Table 2: Comparison of various probiotics in their efficacy in reducing glycaemic parameters.

The comprehensive review of the various RCTs and Meta-analysis updated to the latest article, clearly signifies the positive impact of Probiotics in the gradual reversal of insulin resistance, glycaemic control 

and increased glucose uptake and the glycaemic efficacy of various probiotics have been summarised in table 2. The various mechanisms substantiating this result as mentioned in the above section strengthens the need to imply this importance in addressing the type 2 diabetic patients in clinical healthcare settings.

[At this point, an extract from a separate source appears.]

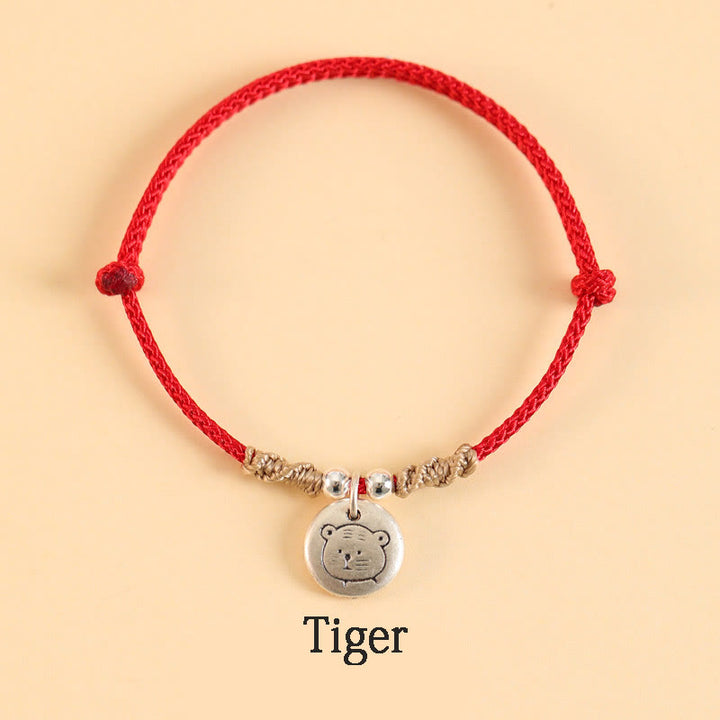 Bracelet tressé en argent sterling 999 fait main avec Buddha Stones Année du Dragon, joli signe du zodiaque chinois - Corde rouge - Tigre (tour de poignet 14-17 cm) - image 15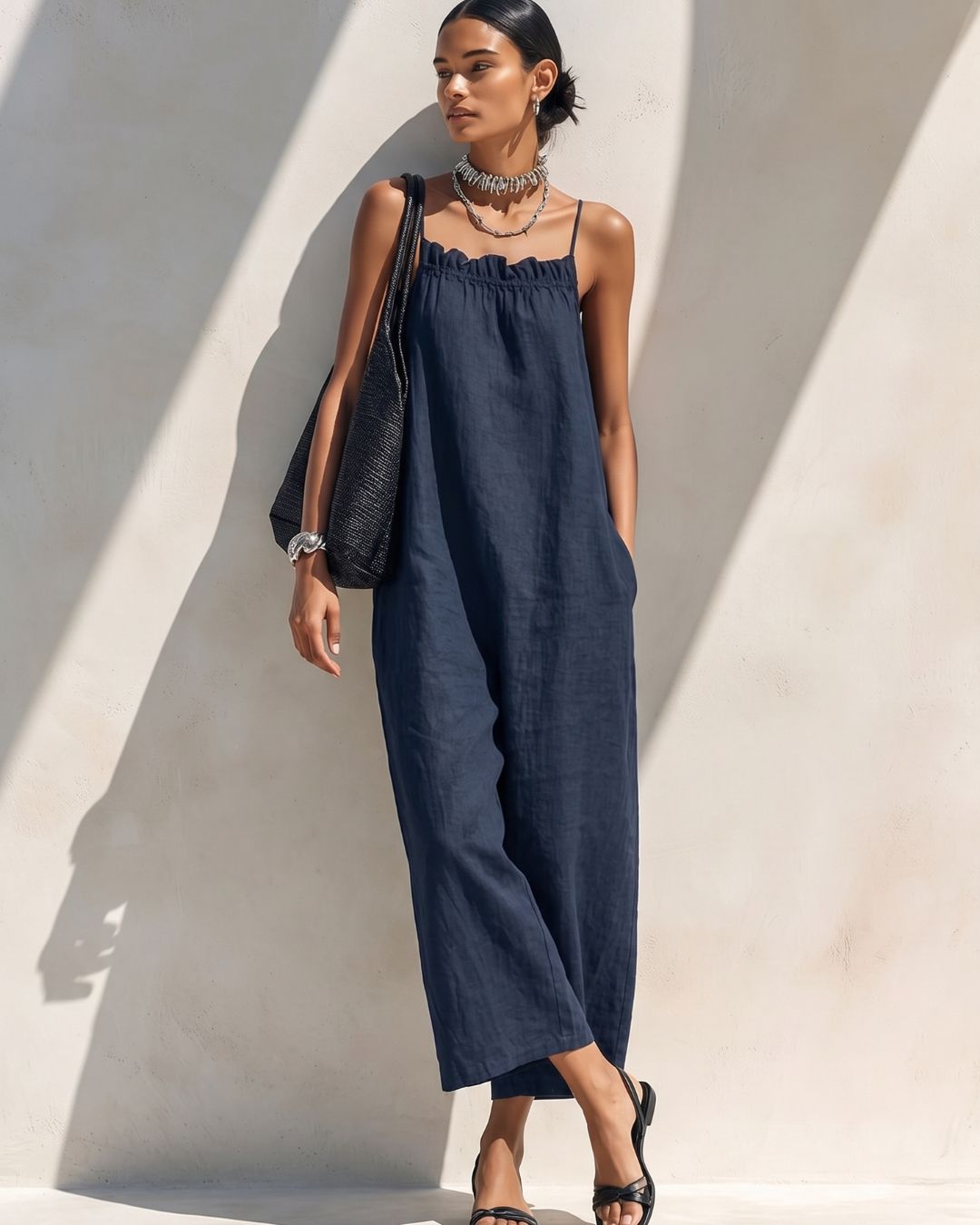 Vyla™ Minimalist Ruffle Neck Cami Maxi Dress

In summary, the multifaceted effects of probiotics on glucose homeostasis encompass the modulation of gut microbiota, the regulation of the gut-brain axis, and the reduction of chronic low-grade inflammation. While these mechanisms provide valuable insights, ongoing research is essential to fully elucidate the complex interplay and identify specific strains, doses, and durations of probiotic supplementation required for optimal glycaemic control in T2DM.

Future perspectives

Microbiome-Targeted Therapies:

As our understanding deepens, there is a growing interest in microbiome-targeted therapies for T2DM. Precision medicine approaches may involve identifying and utilizing specific probiotic strains that exhibit superior efficacy in modulating gut microbiota and influencing the gut-brain axis. Customized interventions based on an individual's microbiome profile could pave the way for personalized probiotic regimens tailored to address the unique microbial composition and metabolic needs of each patient.

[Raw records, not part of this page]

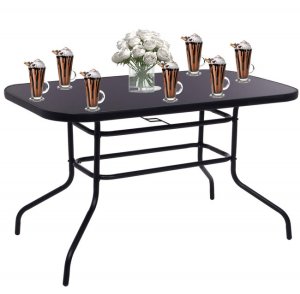 Meble ogrodowe na taras metalowe krzesła 8 szt. i stół komplet czarno-szary UNIWERSALNY 16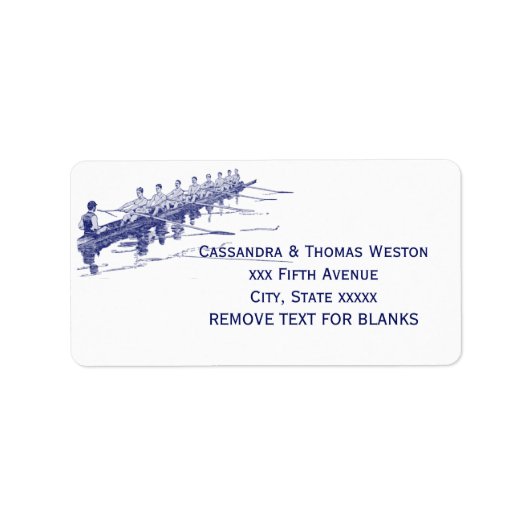 Blue Rowing Rowers Creming Team Water Sports #3 Etiket (Voorkant)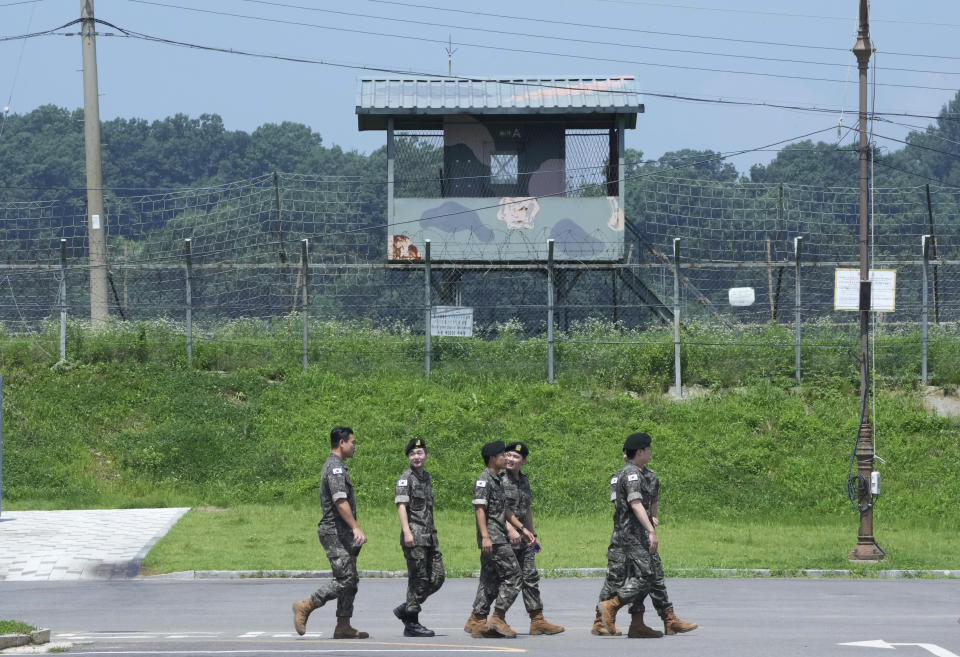 South Korean army soldiers pass by a military guard post at the Imjingak Pavilion in Paju, South Korea, near the border with North Korea, Wednesday, July 19, 2023. North Korea was silent about the highly unusual entry of an American soldier across the Koreas' heavily fortified border although it test-fired short-range missiles Wednesday in its latest weapons display. (AP Photo/Ahn Young-joon)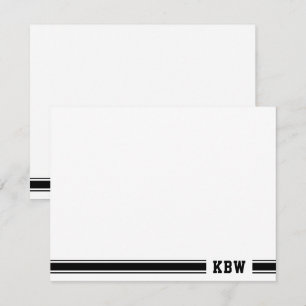 Monogram Sporty Band Schwarz & Weiß Notizkarte Mitteilungskarte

Unexplored Pathways and Future Research Directions:

While the mechanisms discussed provide valuable insights, it is crucial to acknowledge the vastness of unexplored pathways that may contribute to the effects of probiotics on glucose homeostasis. Future research endeavours should focus on unveiling these hidden pathways, possibly involving intricate interactions between the immune system, metabolic organs, and the gut. Cutting-edge technologies, such as metagenomics and advanced imaging, hold promise in unravelling the complexities of the gut microbiome and its role in metabolic health.

Strain-Specific Effects and Optimal Dosages:

The identification of strain-specific effects remains a priority in shaping the future of probiotic research for T2DM. Different strains may exhibit varying abilities to modulate gut microbiota and influence metabolic pathways. Thus, delineating the specific strains responsible for the observed benefits is crucial for designing targeted interventions. Moreover, optimizing probiotic doses and duration of supplementation is essential, as these factors may significantly impact the efficacy of probiotics in improving glycemic control.

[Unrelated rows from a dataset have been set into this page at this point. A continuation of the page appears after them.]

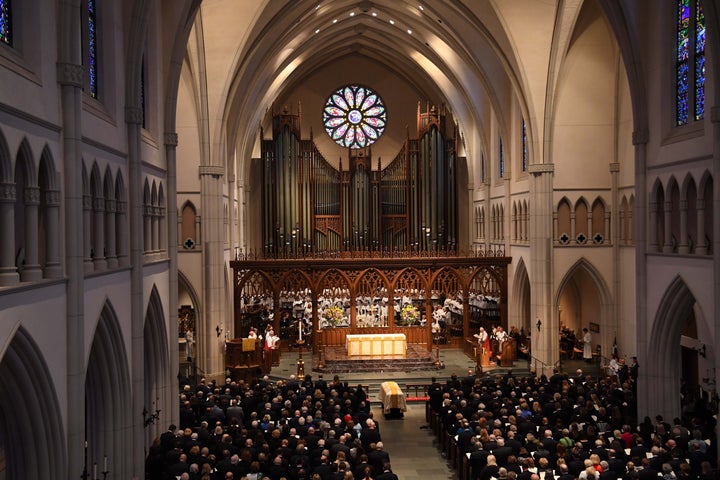 The funeral for former first lady Barbara Bush at St. Martin's Episcopal Church in Houston on April 21, 2018.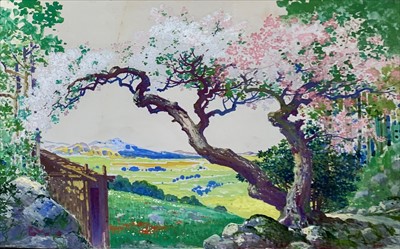 Lot 1044 - Monica BARNES Landscape with a cherry blossom...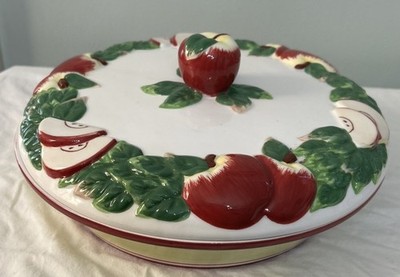 Baum Bros Style Eyes Pie Keeps Apple Pie Dish & Lid   Vintage Multicolor Ceramic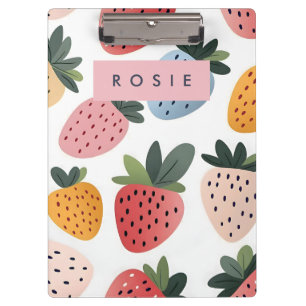 Carpeta De Pinza Patrón personalizado de fresa de fruta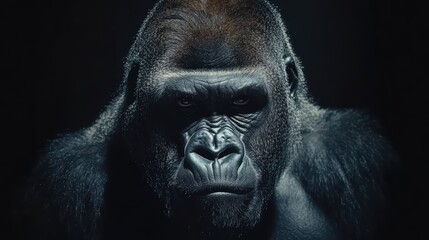 Obraz premium Powerful Gorilla Portrait in Studio Setting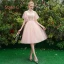 Affordable Chic / Beautiful Sky Blue Bridesmaid Dresses 2019 A-Line / Princess Appliques Lace Tea-length Ruffle Backless Wedding Party Dresses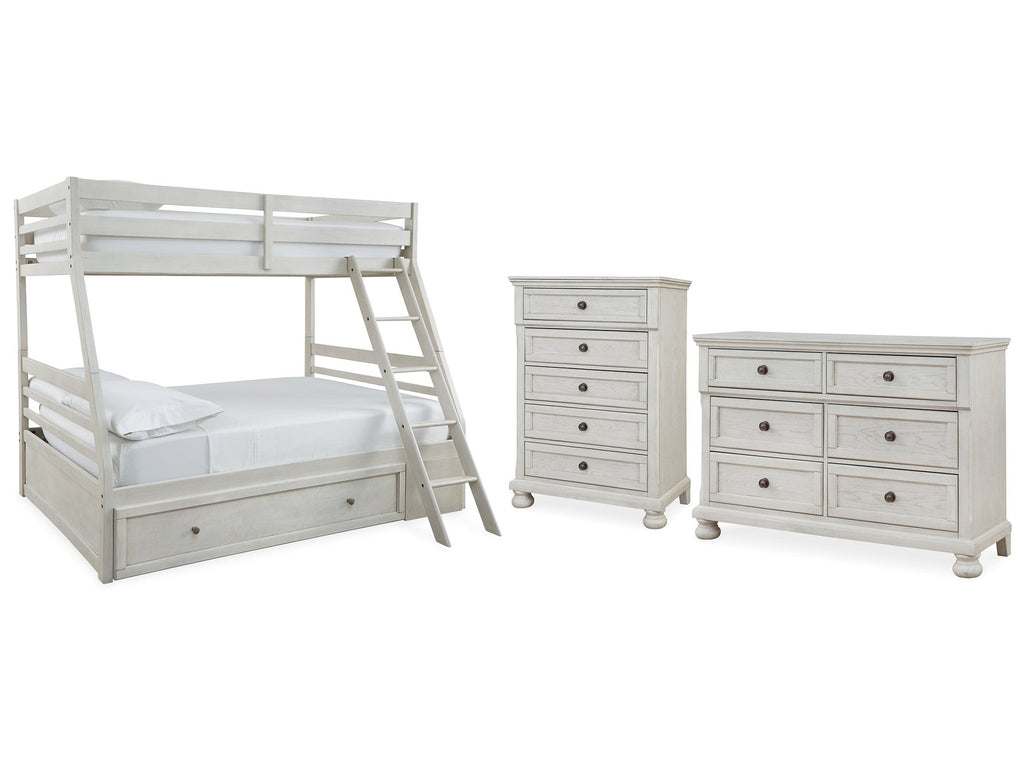 Robbinsdale Twin over Full Bunk Bedroom Set, White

Clinical Translation and Therapeutic Potential:

As the scientific community continues to unravel the intricacies of probiotic mechanisms, the translation of research findings into clinical practice becomes paramount. Establishing robust clinical trials, exploring long-term effects, and addressing safety considerations will be critical steps in validating the therapeutic potential of probiotics in the management of T2DM. This translational approach will bridge the gap between experimental evidence and real-world applications, ultimately shaping evidence-based guidelines for healthcare practitioners.